Научная статья на тему '"приют спокойствия, трудов и вдохновенья. . . " (к вопросу об усадебной лирике А. С. Пушкина)'

"приют спокойствия, трудов и вдохновенья. . . " (к вопросу об усадебной лирике А. С. Пушкина) Текст научной статьи по специальности «Языкознание и литературоведение»

CC BY
884
47
i Надоели баннеры? Вы всегда можете отключить рекламу.
i Надоели баннеры? Вы всегда можете отключить рекламу.
iНе можете найти то, что вам нужно? Попробуйте сервис подбора литературы.
i Надоели баннеры? Вы всегда можете отключить рекламу.

Текст научной работы на тему «"приют спокойствия, трудов и вдохновенья. . . " (к вопросу об усадебной лирике А. С. Пушкина)»

СТРАНИЧКА ГАЗЕТЫ "ДАР"

"ПРИЮТ СПОКОЙСТВИЯ, ТРУДОВ И ВДОХНОВЕНЬЯ..." (к вопросу об усадебной лирике А.С. Пушкина)

Л.И. Густова

Идиллический мир как доминирующий мотив всей усадебной лирики Пушкина особенно явно обнаруживает свое присутствие в поэзии михайловского периода.

Пушкин был исключительно глубоко и органично связан с культурой русской дворянской усадьбы. Поэтическая интерпретация усадебной темы ("деревня-усадьба») находится в амплитуде между двумя стихотворениями: "Деревня" (1819) и "Вновь я посетил..." (1835)'. Эти стихотворения - ключевые в понимании усадебного мировоззрения Пушкина. "Деревня" написана в Михайловском в 1819 г., в автографе имеет помету "июль". Первую его часть Пушкин напечатал в сборнике стихотворений 1825 г. под названием "Уединение". Тема уединения для русской поэзии начала XIX века была не нова. Она заняла заметное место в поэзии предшествующего века. Но осмысление ее в разные периоды было различным. В раннем творчестве Пушкина тема "уединения" проявляется лишь как литературный мотив, далекий от жизненной реальности.

Дом-музей А.С. Пушкина в Михайловском. Фото Л. Чехова

Осознание состояния "уединения", как необходимого условия для творчества, проявится у Пушкина в стихотворении "Деревня" 1819 г. Уединение для поэта будет сопряжено с деревней. Б. Томашевский отмечал, что "... по идиллическому тону эта первая часть напоминала сентиментальную элегию с обычными темами скромного уединения, вдали от городских "забав" и "порочных заблуждений". В тоне идиллическом дан и сельский пейзаж. Правда, в этом описании деревни уже присутствует в какой-то мере объективная точность описания,

Густова Людмила Ивановна - научный сотрудник музея-заповедника A.C. Пушкина "Михайловское".

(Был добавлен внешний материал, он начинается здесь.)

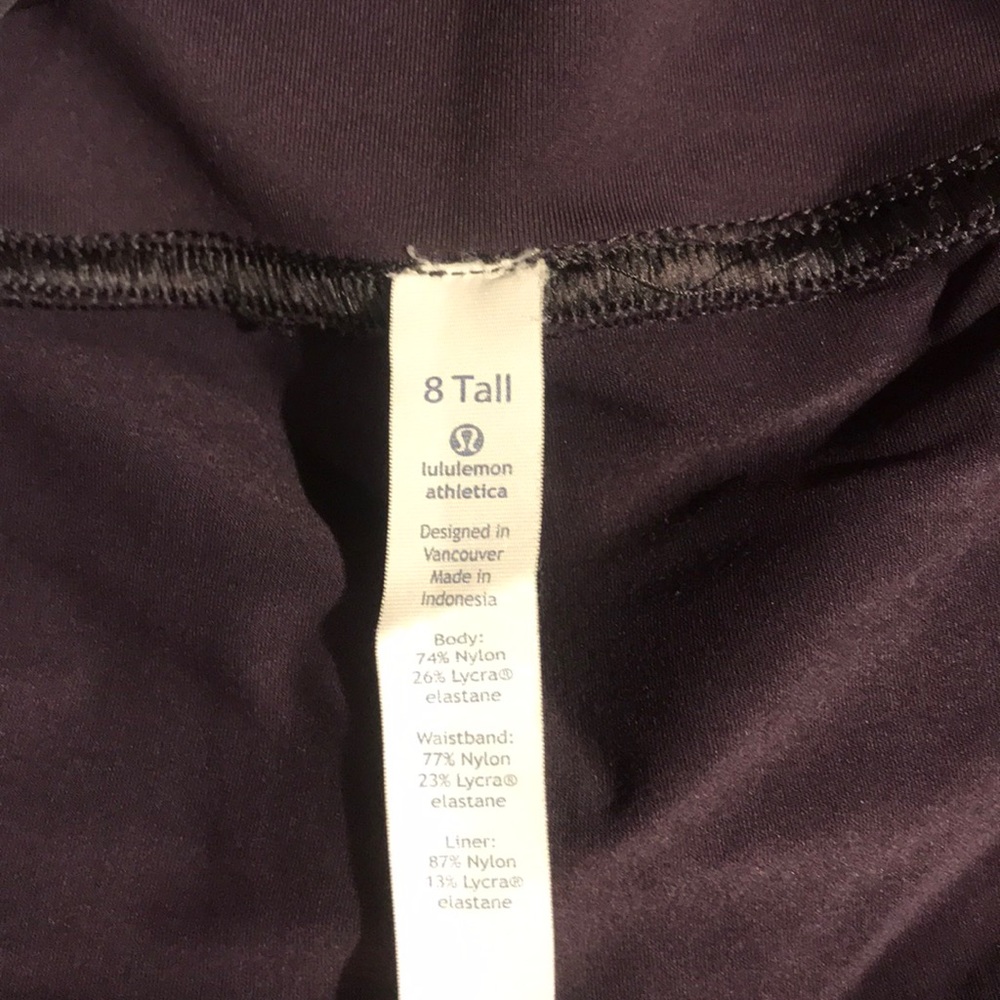 Dark purple Lululemon Skort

* Для исследования этой проблемы мы обращаемся лишь к лирическим стихотворениям, оставляя за пределами деревенские главы "Евгения Онегина".

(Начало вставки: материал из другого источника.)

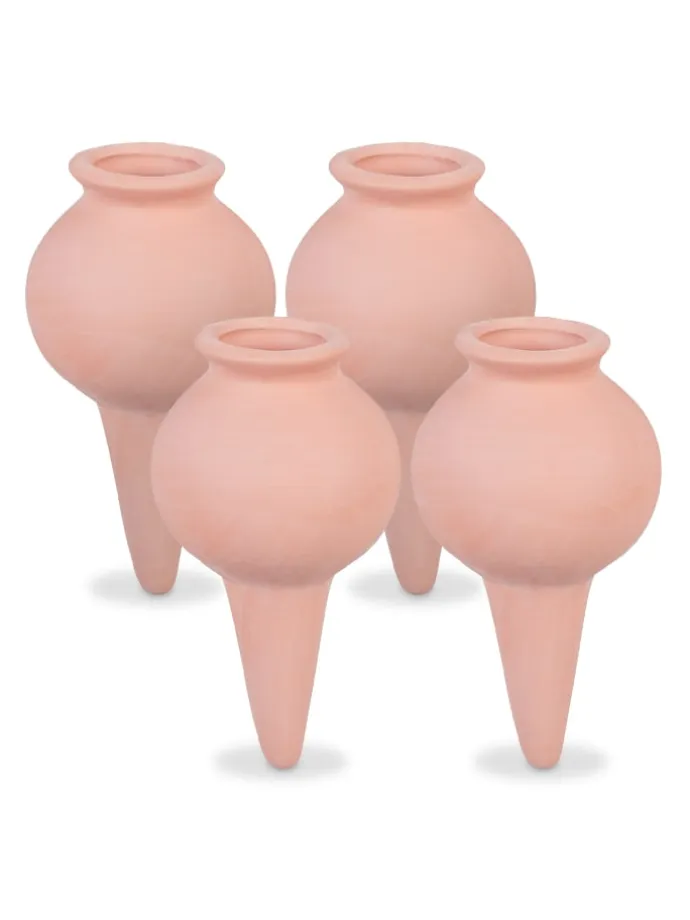 4 x Tonkegel in Terrakotta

которая позже становится характеристической чертой пушкинского пейзажа... в этих стихах топографически точно описаны окрестности Михайловского" [1].

Отметим, что Михайловское в стихах Пушкин никогда не называет усадьбой, но только деревней. В данном случае эти понятия синонимичны.

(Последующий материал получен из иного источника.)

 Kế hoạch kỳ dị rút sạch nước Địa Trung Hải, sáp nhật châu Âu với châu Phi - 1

Впервые слово "деревня" появляется у Пушкина в стихотворении "Послание к Юдину" (1815).

...Не лучше ли в деревне дальней Или в смиренном городке, Вдали столиц, забот и грома, Укрыться в мирном уголке,

С которым роскошь незнакома...(выделено мной. - Л.Г.) [2, т. 1, с. 168].

А. Большакова, первая из исследователей, терминологически определяет "пушкинскую деревню как национальный литературный архетип" [3, с. 377] и отмечает, что в стихотворении "Деревня" "... уже намечены основные черты русского литературного архетипа Деревня, антиномичная модель развития которого построена по принципу нормы и аномалии, идиллии (пасторали) и антиидилии" (курсив мой. - Л.Г.) [3, с. 377]. По мысли Большаковой, "... пушкинским достижением стало соединение в одной литературной модели полярных сторон деревни, представленных ранее прозой Карамзина (Деревня как идиллия) и Радищева (Деревня как рабство и жестокость".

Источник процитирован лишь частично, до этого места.